- Opening Delimiter -

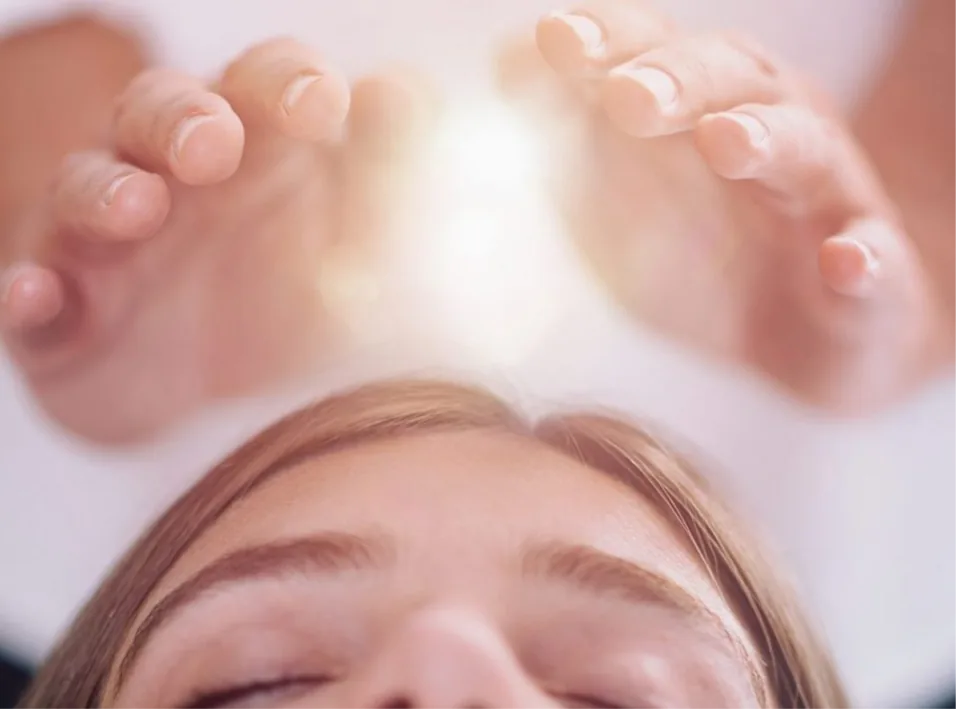 An energy medicine session at The Teal Center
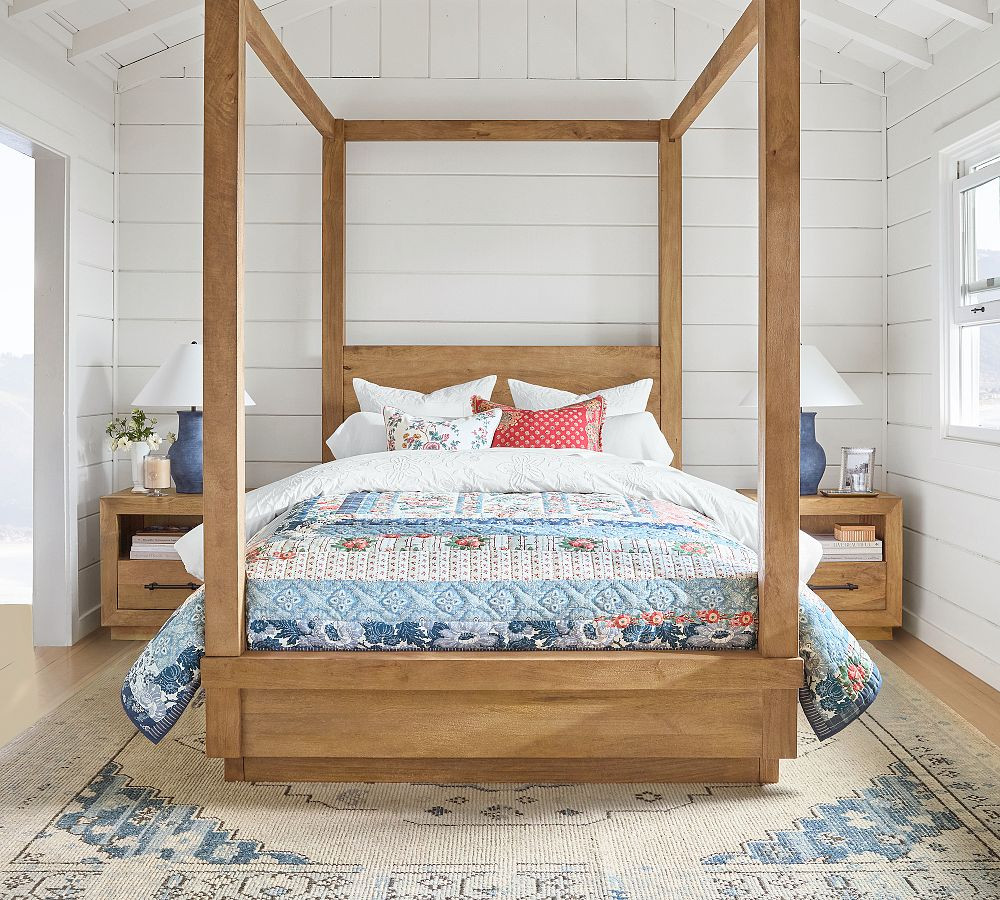 Bridgette Vintage Floral Reversible Quilt | Pottery Barn (US)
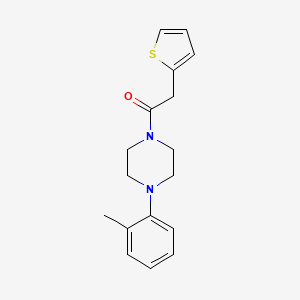 molecular formula C17H20N2OS B5075682 1-[4-(2-METHYLPHENYL)PIPERAZINO]-2-(2-THIENYL)-1-ETHANONE 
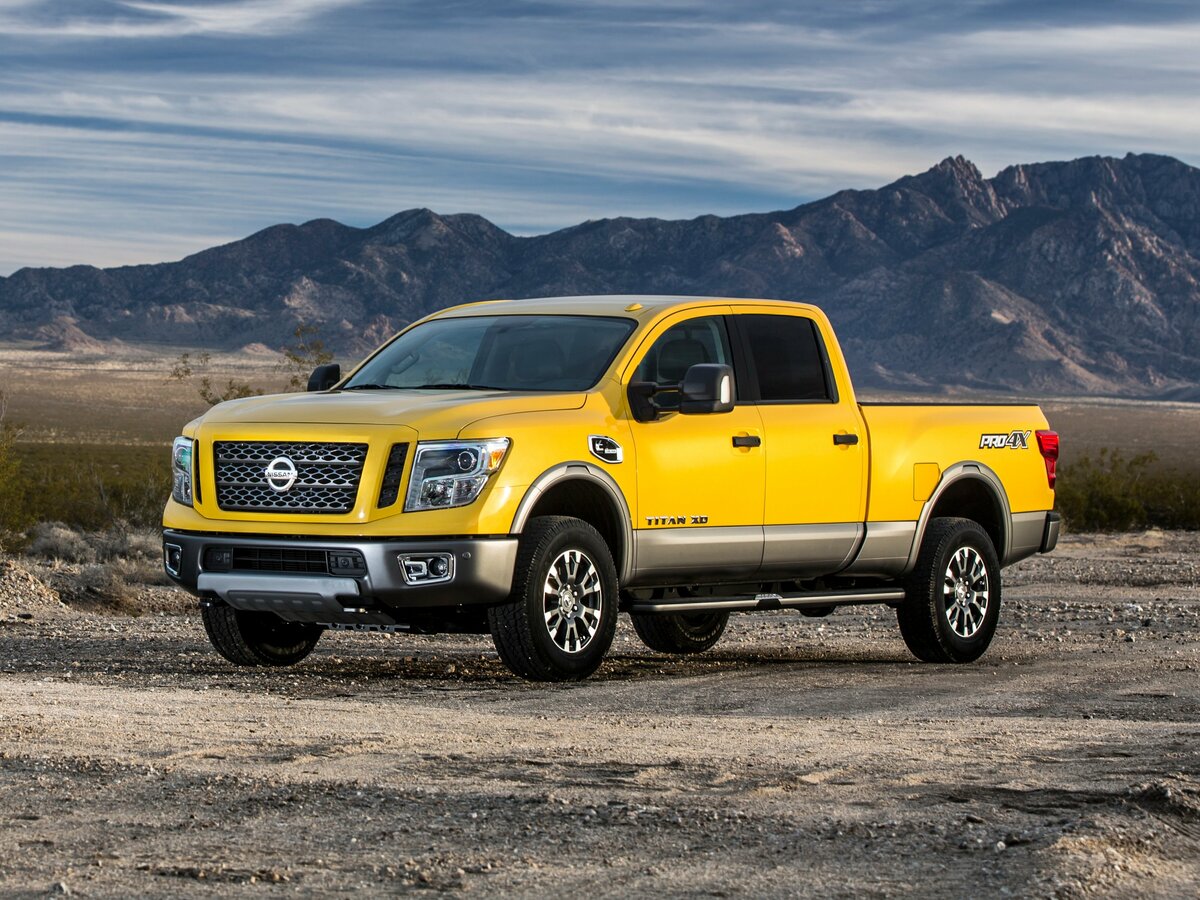 Nissan Titan II Пикап Двойная кабина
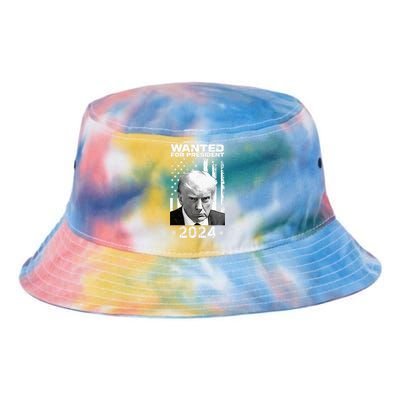 Donald Trump Mug Shot Wanted For U.S. President 2024 Tie Dye Newport Bucket Hat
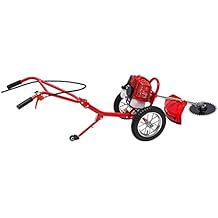 جزازة العشب ثنائية الأشواط التي تعمل بالغاز من Walk Behind Weed Wacker، بقوة 2.41 حصان، سعة 49 سم مكعب، تعمل بالبنزين ومبردة بالهواء، وقاطعة الأعشاب الضارة بعجلات، وقاطعة العشب القابلة لتعديل الارتفاع للعشب والشجيرات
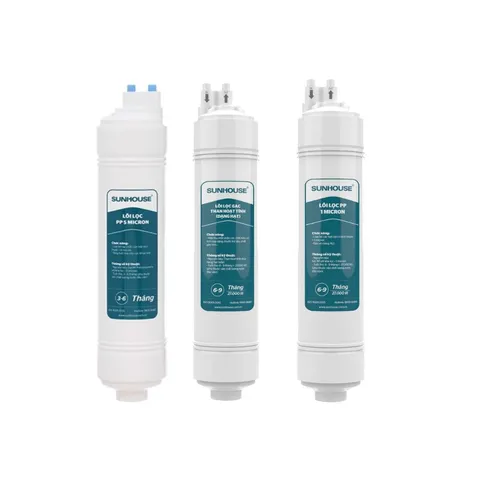 Lõi Lọc Nước 1,2,3 Đúc Sunhouse Cho Máy SHA76218CK, SHA76216CK - Hàng Chính Hãng, An Toàn Cho Sức Khỏe
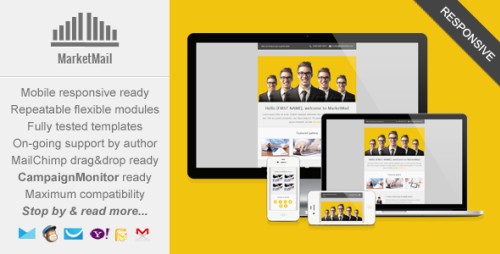 Responsive Business Email Template - MarketMail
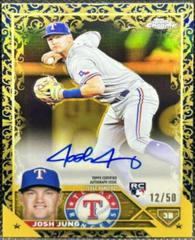 Josh Jung [Blue] #CGA-JJ Baseball Cards 2023 Topps Gilded Collection Chrome Gold Etch Autographs Prices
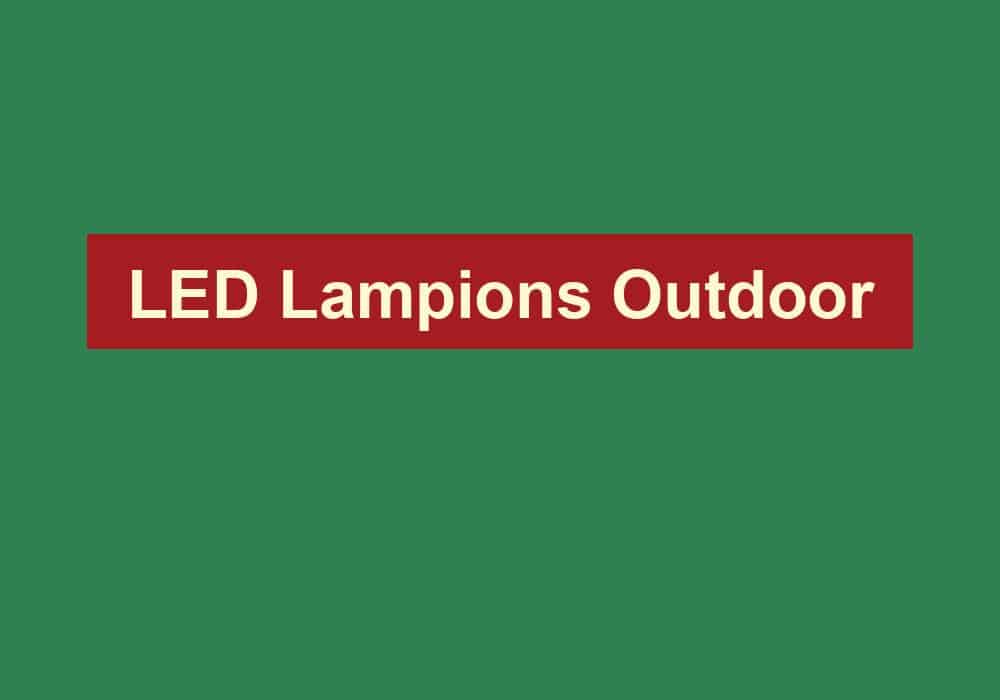 led lampions outdoor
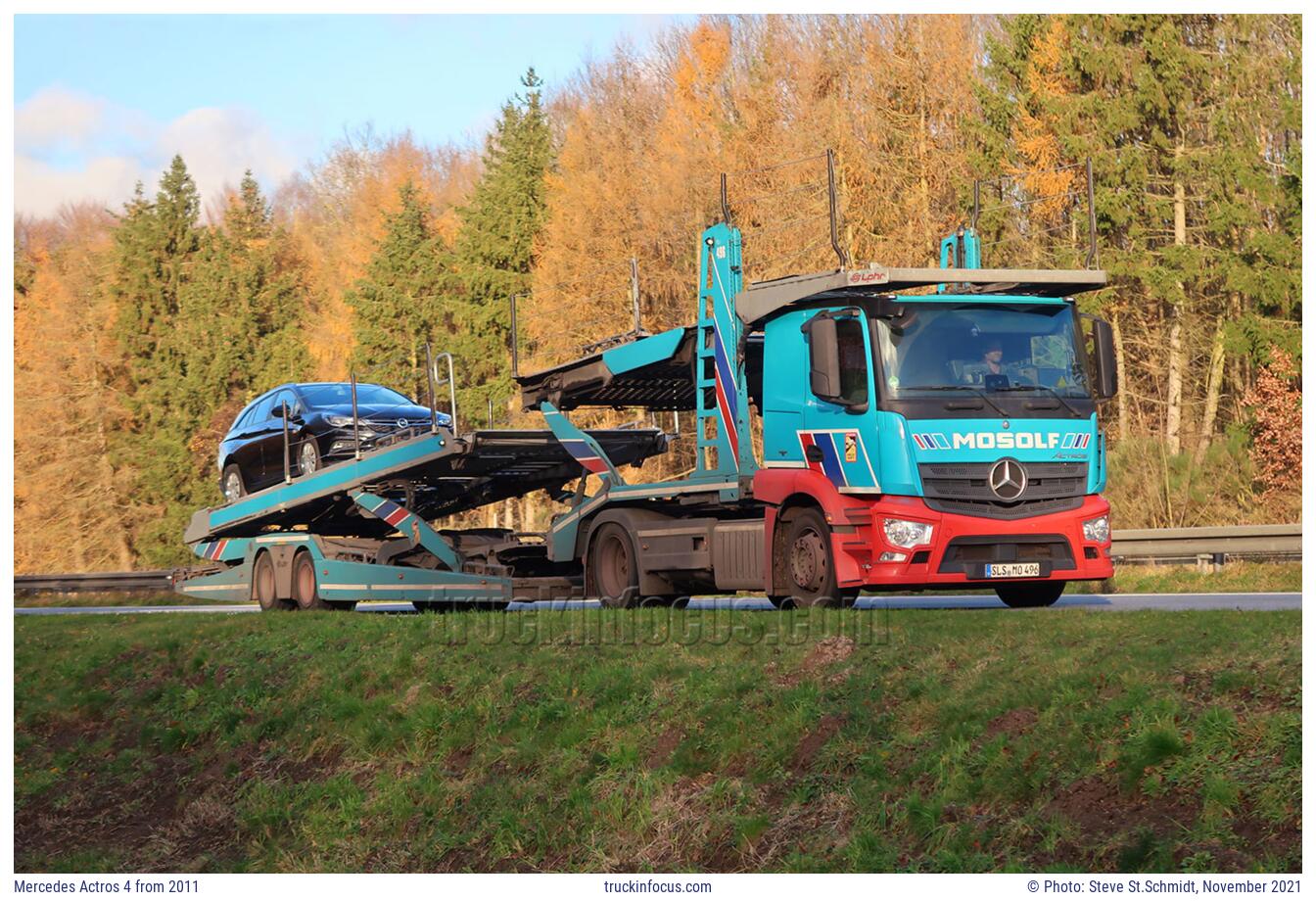 Mercedes Actros 4 from 2011 Photo November 2021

- Closing Delimiter -

■ **Work item**: Copy exactly, and only, the lines from the line containing "Lõi Lọc Nước" through the final line of the material above, with no pictures.

■ **Result**:
 Lõi Lọc Nước 1,2,3 Đúc Sunhouse Cho Máy SHA76218CK, SHA76216CK - Hàng Chính Hãng, An Toàn Cho Sức Khỏe
 Responsive Business Email Template - MarketMail
 Josh Jung [Blue] #CGA-JJ Baseball Cards 2023 Topps Gilded Collection Chrome Gold Etch Autographs Prices
 led lampions outdoor
 Mercedes Actros 4 from 2011 Photo November 2021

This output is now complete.